### TASK REQUIREMENTS
Only an exact repetition is needed: the lines from the start of the listing below through the line that contains "Naklejka premium latin", pictures omitted.

### DATASET SECTION
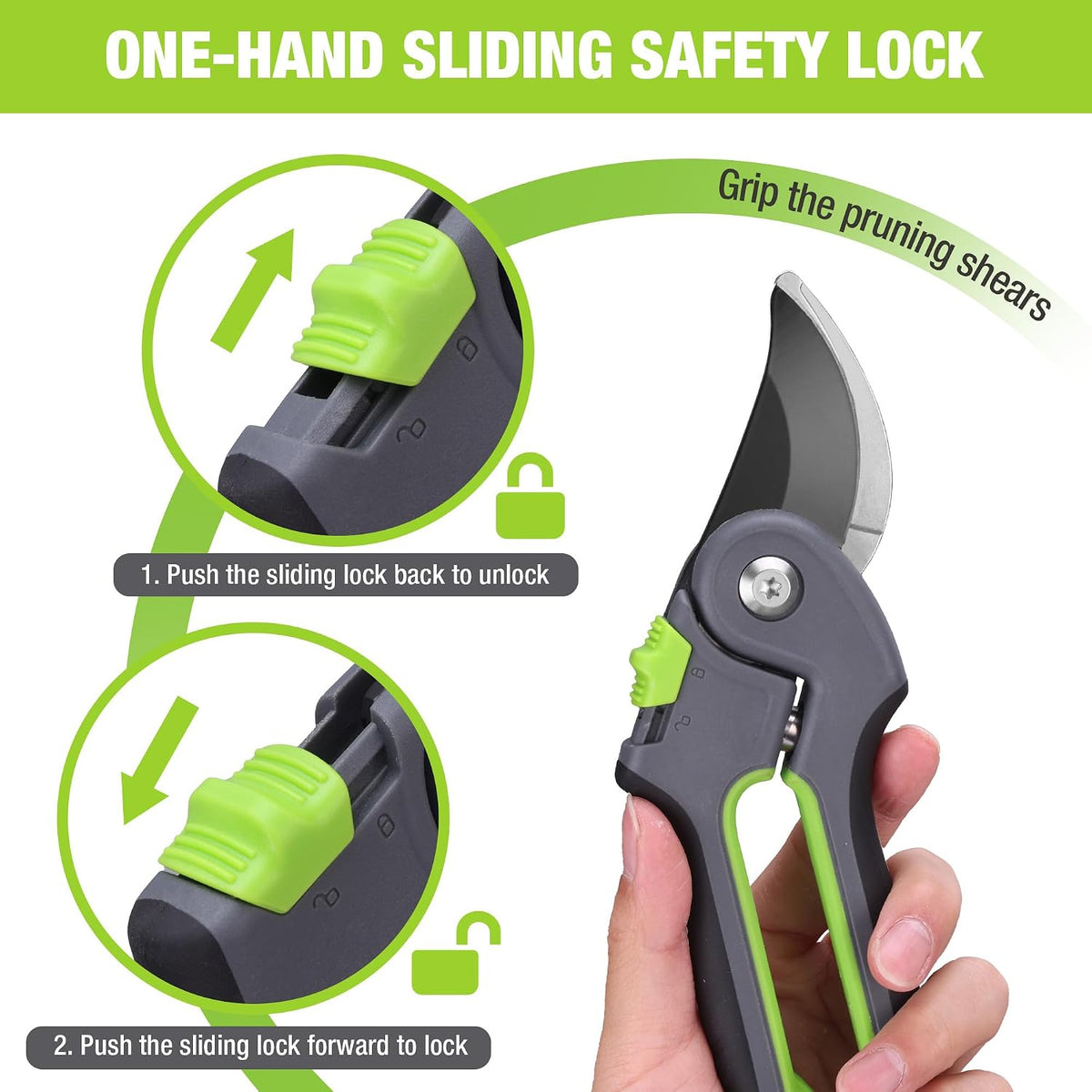 2-Pack Garden Pruning Shears, 8" Bypass & 6.25" Straight Shears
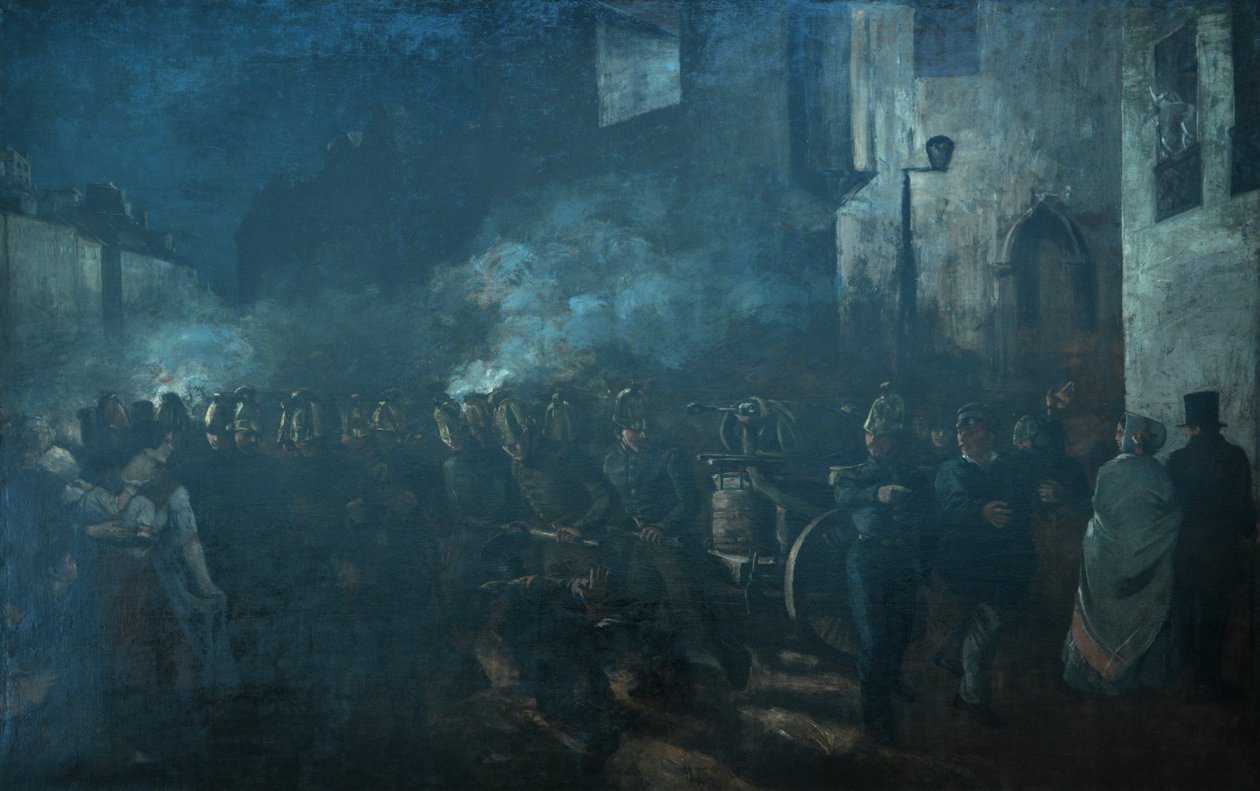 Brandmænd løb til en brand af Gustave Courbet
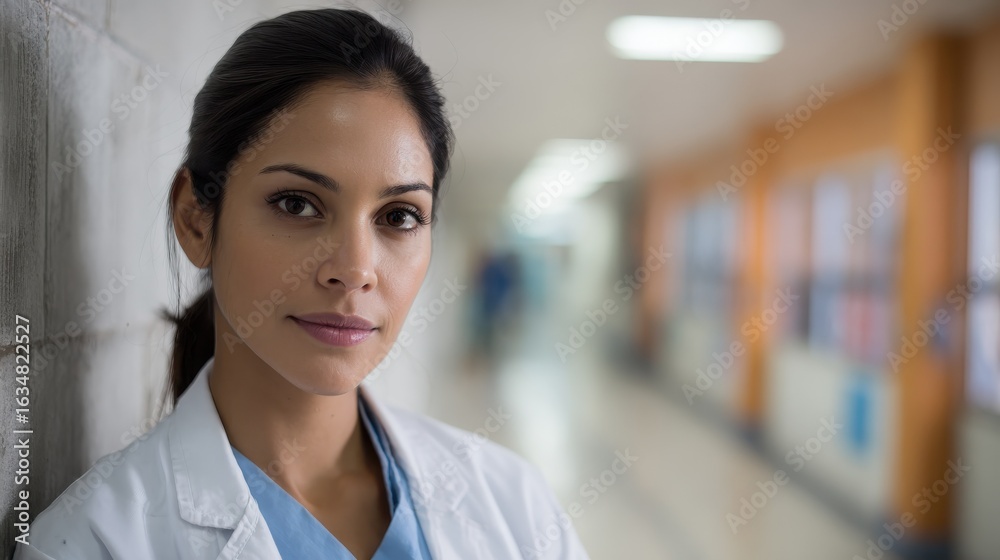 Naklejka premium latin woman doctor portrait in a mexican hospital in mexico or latin america no logos no brands ar 169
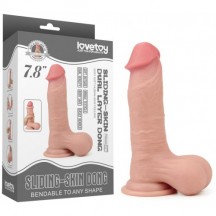 Гнущийся фаллоимитатор с эффектом двойной кожи Lovetoy Sliding-Skin Dual Layer Dong 20 см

### REPLY
 2-Pack Garden Pruning Shears, 8" Bypass & 6.25" Straight Shears
 Brandmænd løb til en brand af Gustave Courbet
 Naklejka premium latin woman doctor portrait in a mexican hospital in mexico or latin america no logos no brands ar 169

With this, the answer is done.